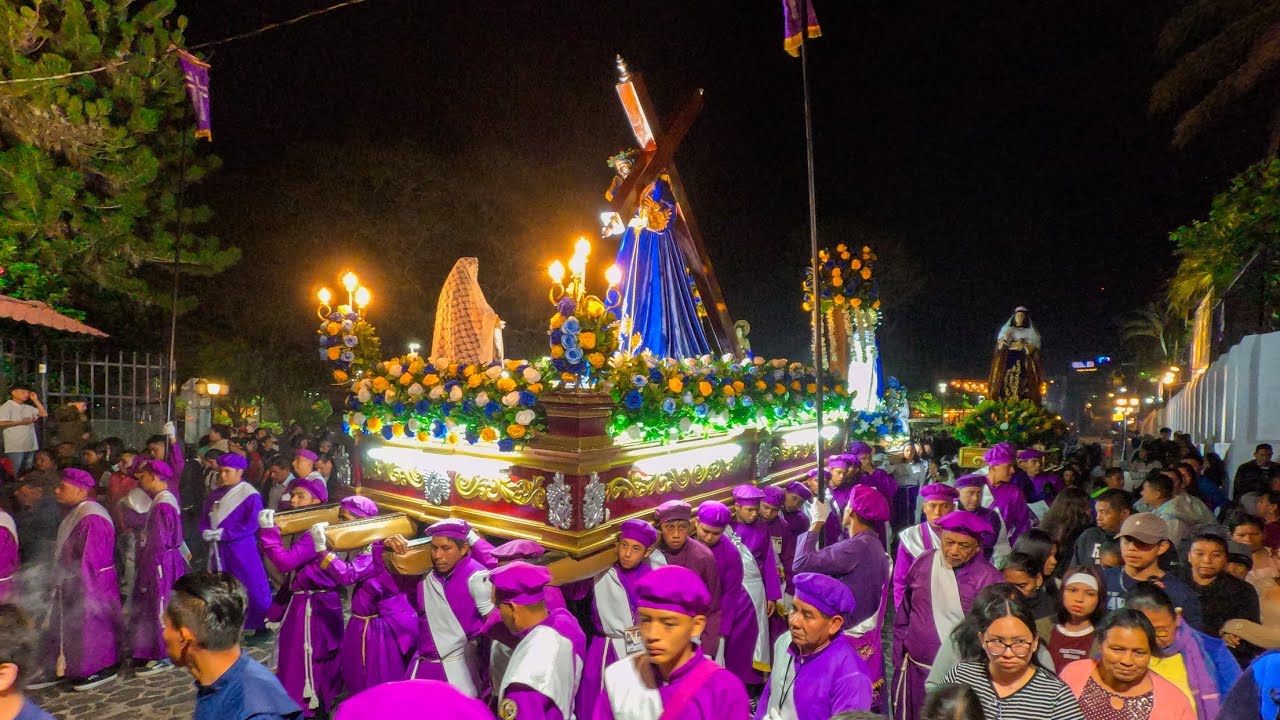 Salida del cortejo procesional en el tercer viernes de Cuaresma El Salvador 💜🇸🇻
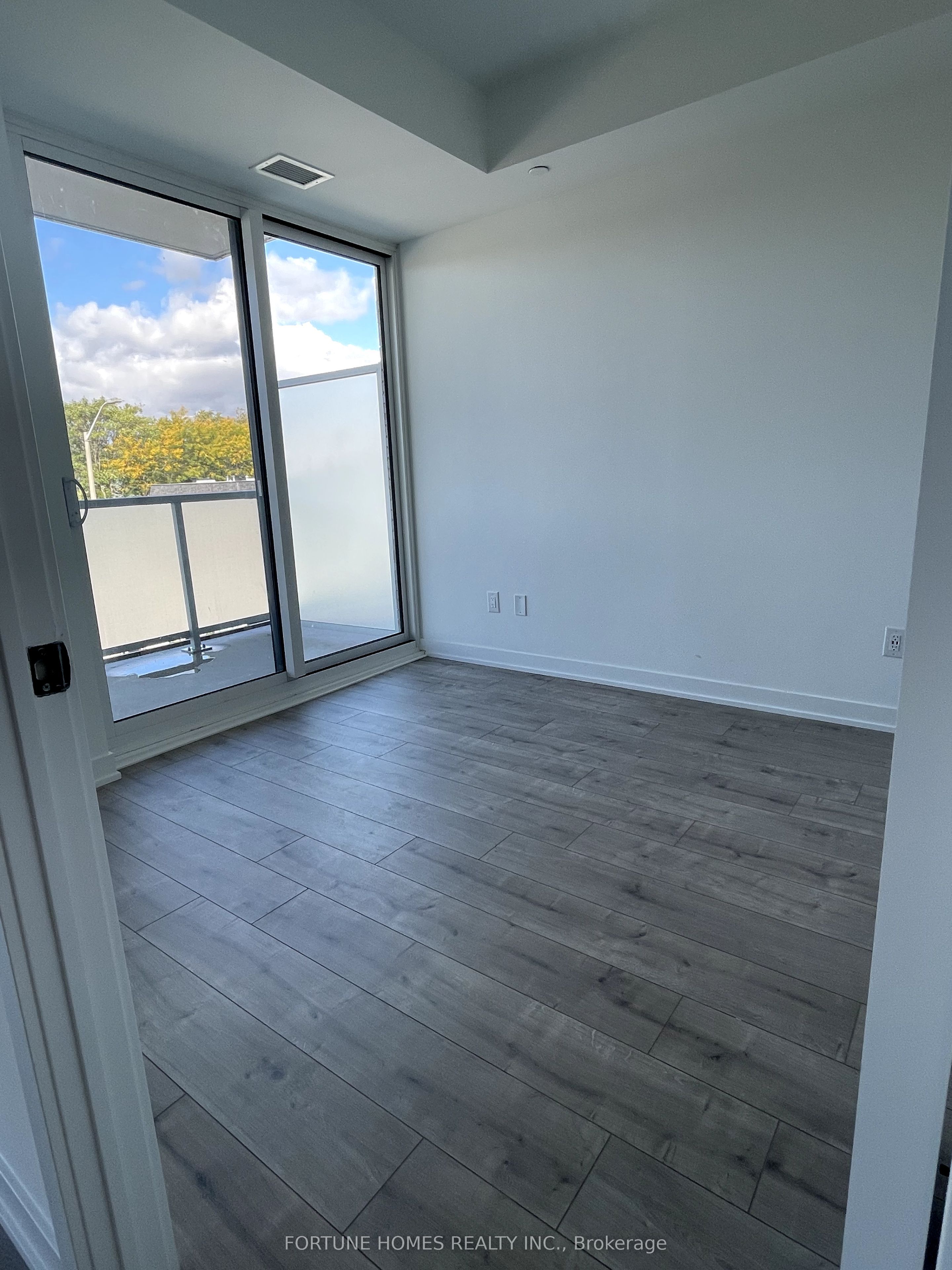 215 Lakeshore Road W, #340
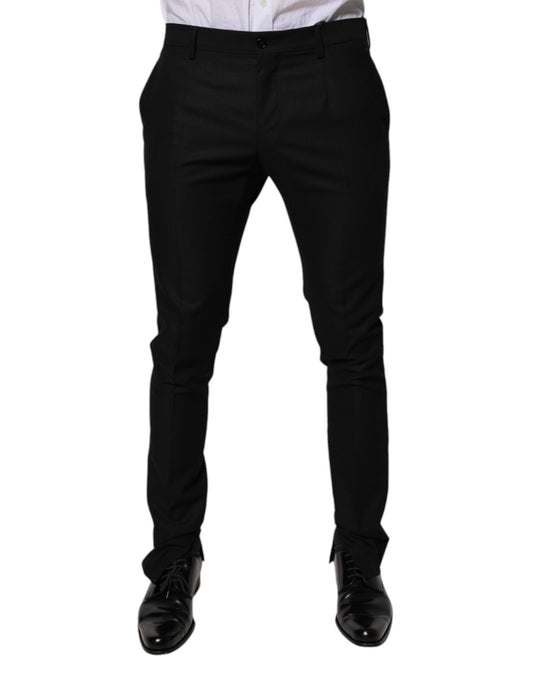 Pants by Dolce & Gabbana for men in virgin wool black features an understated silhouette, showcasing a sophisticated regular-fit and long with a refined mid rise for an understated, polished aesthetic.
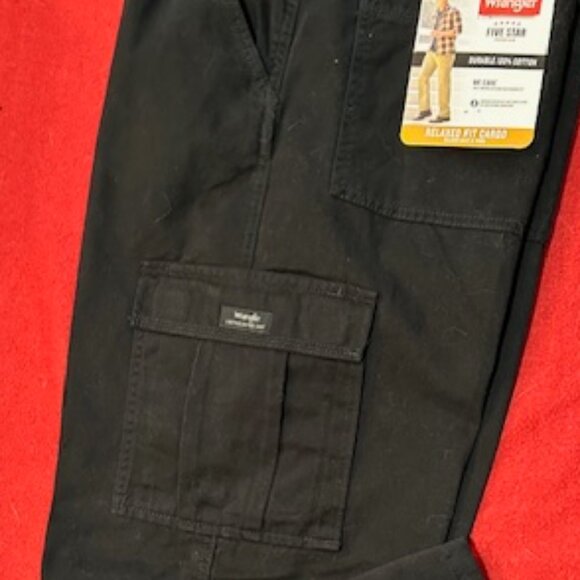 Wrangler Men's Cargo Khaki Black Pants - Sz 42 x 30 NWT - Picture 9 of 14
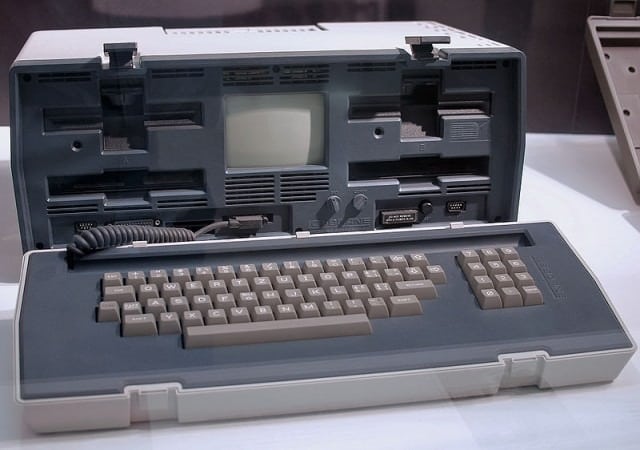 LOsborn 1 : premier ordinateur "portable" commercialisé en Avril 1981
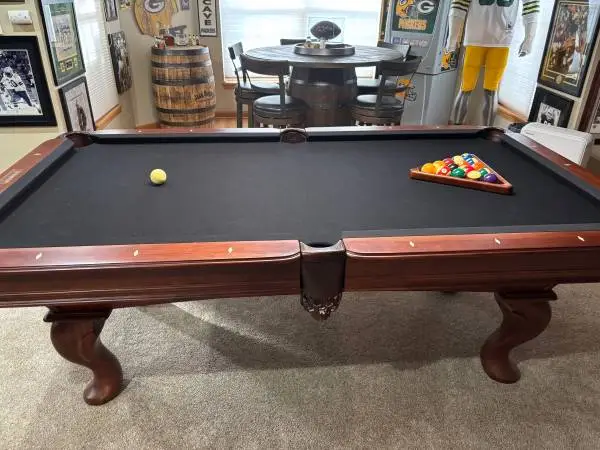 8 ft pool table. Presidential Billards
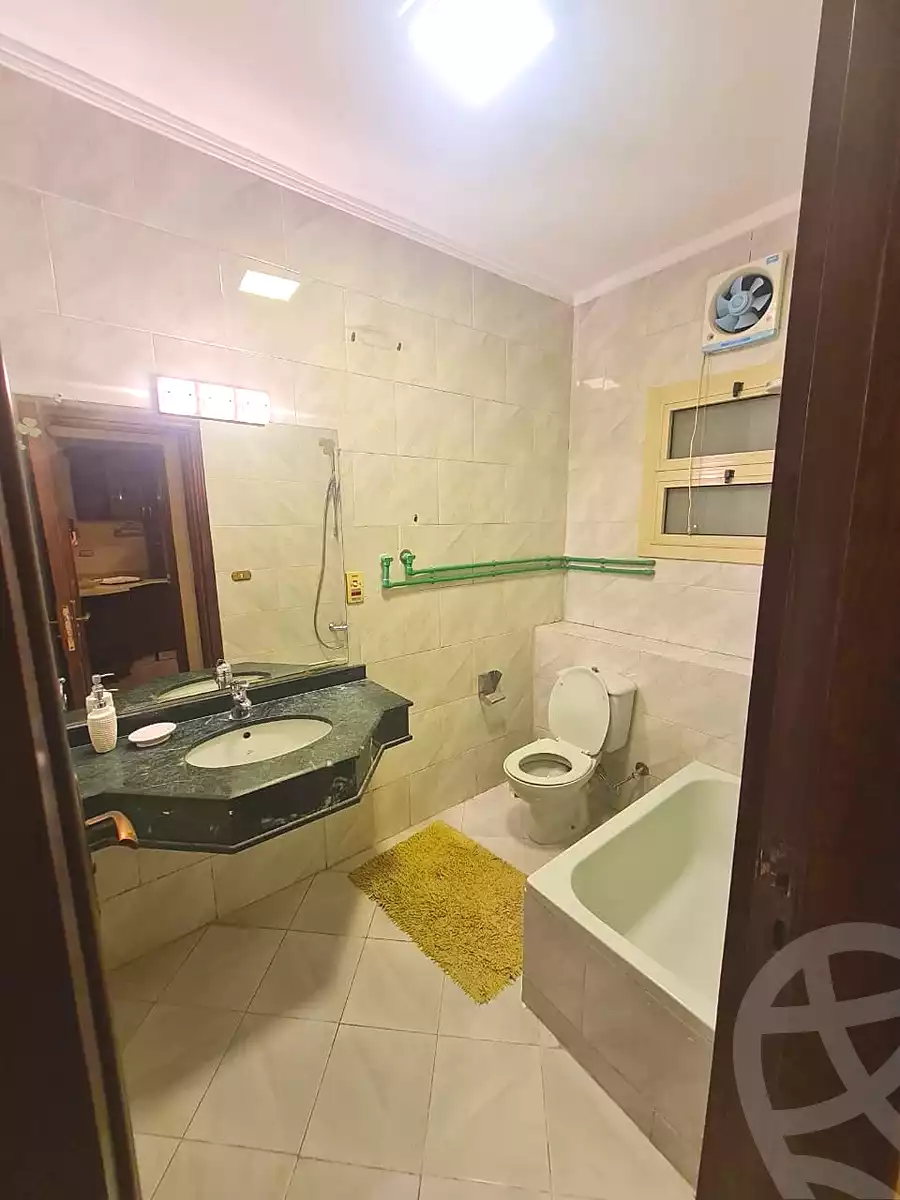 https://aqarmap.com.eg/ar/listing/7196360-for-rent-cairo-el-sheikh-zayed-city-compounds-hadayek-el-mohandiseen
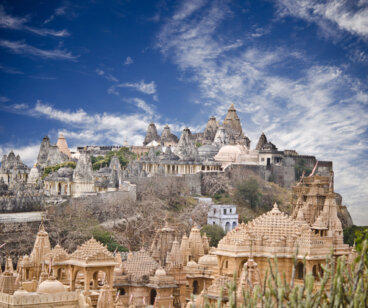 La colina de Palitana en India y sus mil templos
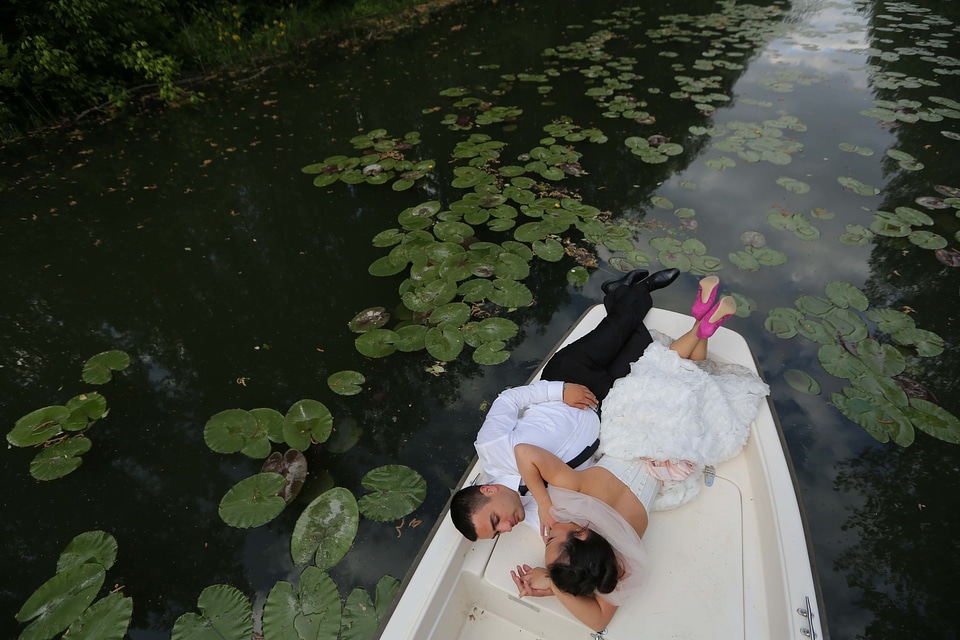 Groom bride lily pad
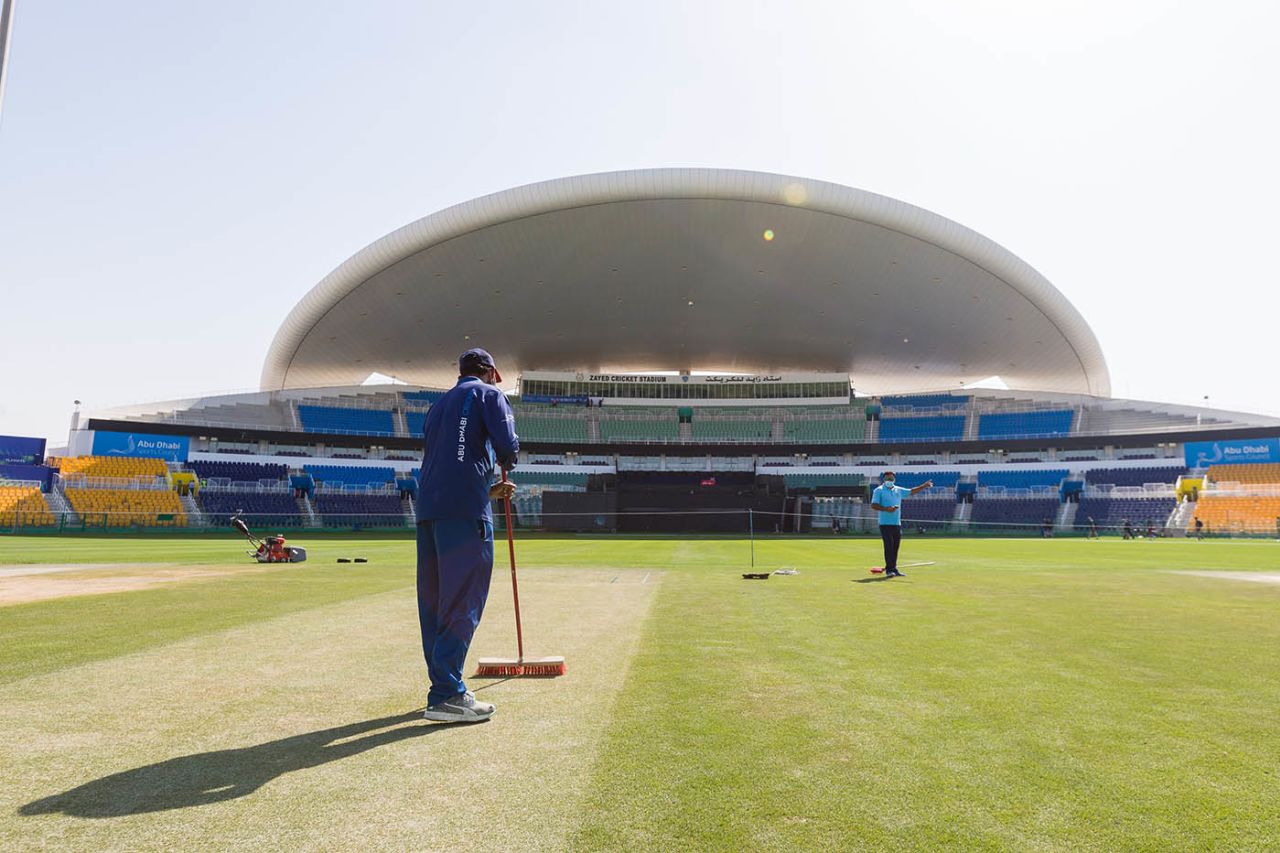 Groundstaff prepare the Abu Dhabi pitch, Sheikh Zayed Stadium, January 20, 2021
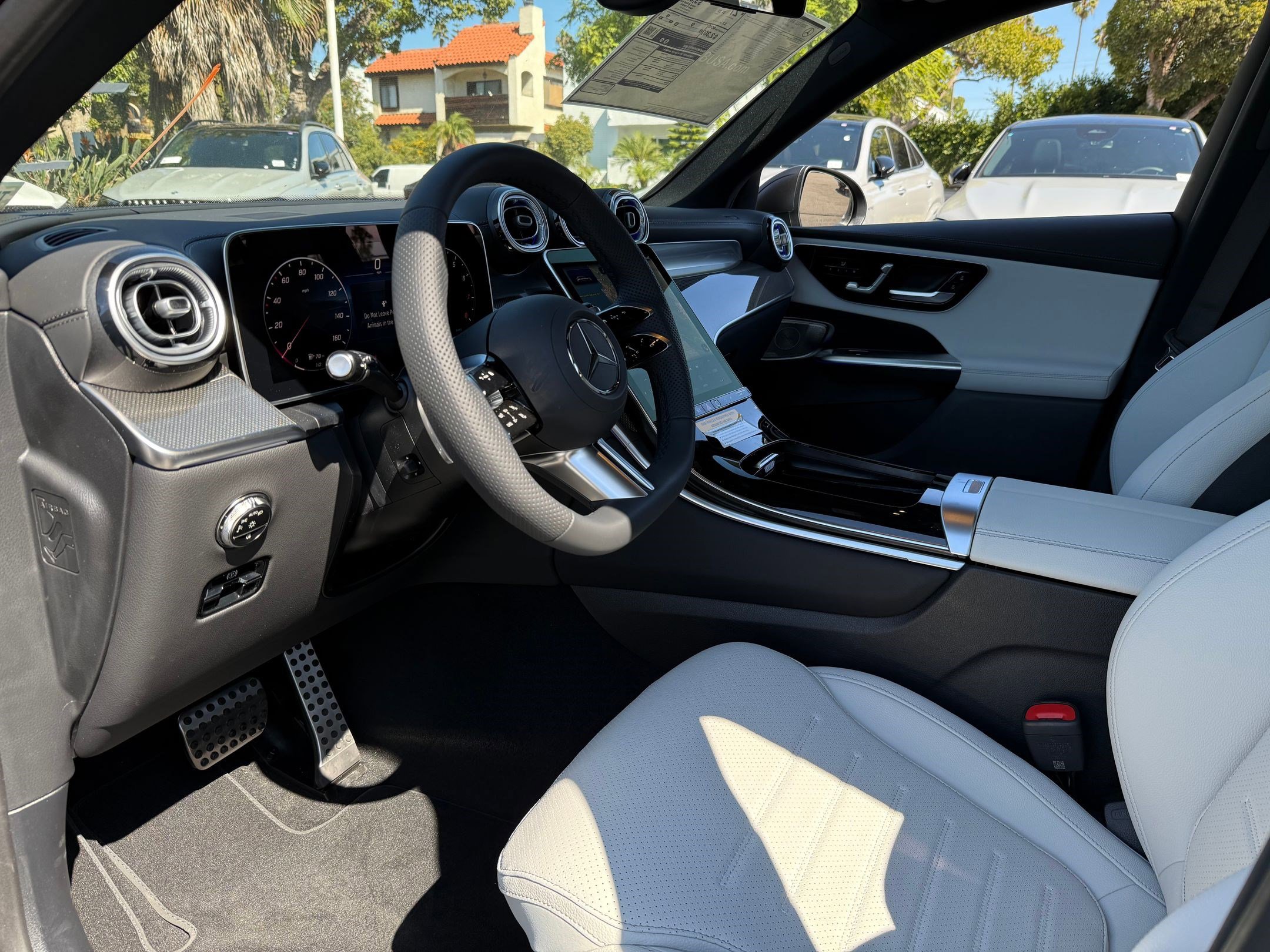 2026 Mercedes Benz GLC 300 photo 3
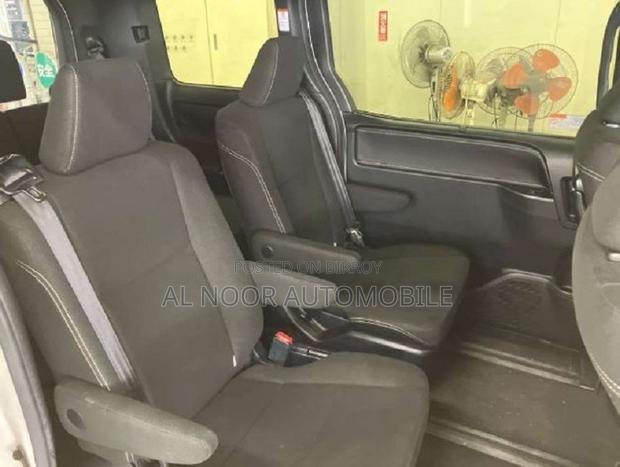 Toyota Esquire 2021 Pearl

Task prompt: Please set down the data above exactly as given, leaving every picture out.

Solution to this task:
 Salida del cortejo procesional en el tercer viernes de Cuaresma El Salvador 💜🇸🇻
 215 Lakeshore Road W, #340
 Pants by Dolce & Gabbana for men in virgin wool black features an understated silhouette, showcasing a sophisticated regular-fit and long with a refined mid rise for an understated, polished aesthetic.
 Wrangler Men's Cargo Khaki Black Pants - Sz 42 x 30 NWT - Picture 9 of 14
 LOsborn 1 : premier ordinateur "portable" commercialisé en Avril 1981
 8 ft pool table. Presidential Billards
 https://aqarmap.com.eg/ar/listing/7196360-for-rent-cairo-el-sheikh-zayed-city-compounds-hadayek-el-mohandiseen
 La colina de Palitana en India y sus mil templos
 Groom bride lily pad
 Groundstaff prepare the Abu Dhabi pitch, Sheikh Zayed Stadium, January 20, 2021
 2026 Mercedes Benz GLC 300 photo 3
 Toyota Esquire 2021 Pearl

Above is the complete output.